“Tips” for Major Scholarships

When I found out that I had been selected as a 2017 Loran Scholar, one of the first things that friends, family, and interviewers said to me was, “wow what did you do to win?”

Immediately I got caught up in trying to rack my brain to think of what it was that I had done that made Loran choose me. After approximately two minutes of strenuous thinking I began to laugh at myself. There was not one specific thing that I did to win the Loran Award. I didn’t
practice interviews with my principal for hours on end, or rehearse a script of all the things I did in high school. The honest answer to why I won the Loran Award (and if you are a nervous grade
twelve looking for the best tips to look good on paper, run away now), is because I went into the room being exactly who I am every day.
National scholarship programs do not care about how well you can shake a hand, or how well-spoken you sound when they ask you a personal question. Honestly, some of them probably don’t even care how amazing you look on paper once you get to the interview portion. Major
scholarship programs like Loran care about you. They are interested in your passions, insecurities, fears and goals. Not all of them want to know about how many hours you spent
volunteering at Relay for Life or at the local food bank (although that is very important), they want to know why you spent hours with these organizations. Some major scholarships are not
looking to hand out cheques to the best-on-paper candidate in the country, they are investing in
you. Programs like Loran see something in you that they want to foster and push to do amazing
things, not someone they can dispose cash to.
If I can tell you two things that I think you should take away from this, it is that:

  1. Major Scholarship programs like Loran are not about the money (no matter how many
    times your uncle says, “now that’s a big cheque.”) These programs are programs not
    scholarships for a reason. They are not just going to hand you the money and leave you
    alone. They are going to check up on you (often), and their support is exactly what you
    are going to need to make a difference in the future.
  2. The most important thing, hands down, to do in an interview, is to be yourself. Do not be
    what you think the interviewer wants. Do not agree with the interviewer if they say
    something against your morals or beliefs. Be your true self and make your mark.

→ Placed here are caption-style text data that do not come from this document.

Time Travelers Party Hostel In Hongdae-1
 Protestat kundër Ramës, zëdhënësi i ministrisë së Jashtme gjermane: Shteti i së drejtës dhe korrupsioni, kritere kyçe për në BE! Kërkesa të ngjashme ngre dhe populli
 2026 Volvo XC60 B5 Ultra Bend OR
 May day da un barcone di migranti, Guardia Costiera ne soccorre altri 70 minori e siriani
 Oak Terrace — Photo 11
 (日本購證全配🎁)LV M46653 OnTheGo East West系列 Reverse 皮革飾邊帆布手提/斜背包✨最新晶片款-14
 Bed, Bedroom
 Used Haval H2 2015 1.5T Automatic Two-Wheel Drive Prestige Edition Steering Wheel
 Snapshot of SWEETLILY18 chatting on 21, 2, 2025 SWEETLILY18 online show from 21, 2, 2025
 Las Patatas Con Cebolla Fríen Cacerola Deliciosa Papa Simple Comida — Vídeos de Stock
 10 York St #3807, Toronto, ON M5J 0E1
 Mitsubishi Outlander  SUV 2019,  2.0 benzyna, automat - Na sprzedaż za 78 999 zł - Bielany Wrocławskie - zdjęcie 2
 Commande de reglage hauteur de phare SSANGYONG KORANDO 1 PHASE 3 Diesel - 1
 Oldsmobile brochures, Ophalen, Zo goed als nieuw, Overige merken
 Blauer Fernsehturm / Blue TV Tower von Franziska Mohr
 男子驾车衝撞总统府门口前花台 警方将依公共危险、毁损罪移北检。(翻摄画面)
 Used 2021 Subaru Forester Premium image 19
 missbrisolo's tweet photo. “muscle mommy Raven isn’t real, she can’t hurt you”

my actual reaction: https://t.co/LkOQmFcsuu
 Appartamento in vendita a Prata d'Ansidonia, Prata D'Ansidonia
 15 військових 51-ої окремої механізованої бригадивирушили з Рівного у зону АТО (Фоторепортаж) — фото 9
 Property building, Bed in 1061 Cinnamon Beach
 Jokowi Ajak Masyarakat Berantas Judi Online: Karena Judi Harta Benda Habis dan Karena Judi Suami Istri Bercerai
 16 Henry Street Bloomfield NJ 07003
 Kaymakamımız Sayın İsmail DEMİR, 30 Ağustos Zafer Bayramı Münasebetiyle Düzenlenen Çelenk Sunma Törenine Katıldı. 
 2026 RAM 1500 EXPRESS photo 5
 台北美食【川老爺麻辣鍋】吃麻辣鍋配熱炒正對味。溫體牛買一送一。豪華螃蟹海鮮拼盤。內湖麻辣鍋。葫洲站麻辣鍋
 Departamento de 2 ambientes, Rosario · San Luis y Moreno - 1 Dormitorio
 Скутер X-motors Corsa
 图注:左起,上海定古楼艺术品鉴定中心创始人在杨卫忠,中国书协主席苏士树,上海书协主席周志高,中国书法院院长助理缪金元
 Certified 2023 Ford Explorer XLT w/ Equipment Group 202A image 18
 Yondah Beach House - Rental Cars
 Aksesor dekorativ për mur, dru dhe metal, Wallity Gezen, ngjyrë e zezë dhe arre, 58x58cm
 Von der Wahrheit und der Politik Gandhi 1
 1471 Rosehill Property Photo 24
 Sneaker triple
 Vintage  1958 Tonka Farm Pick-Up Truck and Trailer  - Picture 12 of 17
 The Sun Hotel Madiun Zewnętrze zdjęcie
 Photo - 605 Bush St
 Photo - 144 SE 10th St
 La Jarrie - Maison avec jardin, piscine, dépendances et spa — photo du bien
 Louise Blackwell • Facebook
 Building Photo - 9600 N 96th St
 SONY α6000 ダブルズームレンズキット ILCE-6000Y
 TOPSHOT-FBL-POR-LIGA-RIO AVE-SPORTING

If you read this entire article and are sitting here thinking “who the heck is Blair Crawford,
and why does she think she knows everything about scholarship programs?” Well, you might be
right. I did not go into Loran finals with a 99.29% average or with overwhelming amounts of
volunteer experience, and I am definitely not the most credible person to give scholarship advice.
I went into my Loran interviews with my goals, passions, inspirations, and honestly a lot of
stress sweat! I am not saying that this will work for everyone, there are lots of scholarships that
are looking for the highest GPA and largest amount of service hours. There are hundreds of tips
on how to succeed in an interview, how to write a perfect resume and how to out dress your
competition. I am not saying that those tips and tricks aren’t important, because they are, but if
you want a National Scholarship Program like Loran, be prepared to be yourself.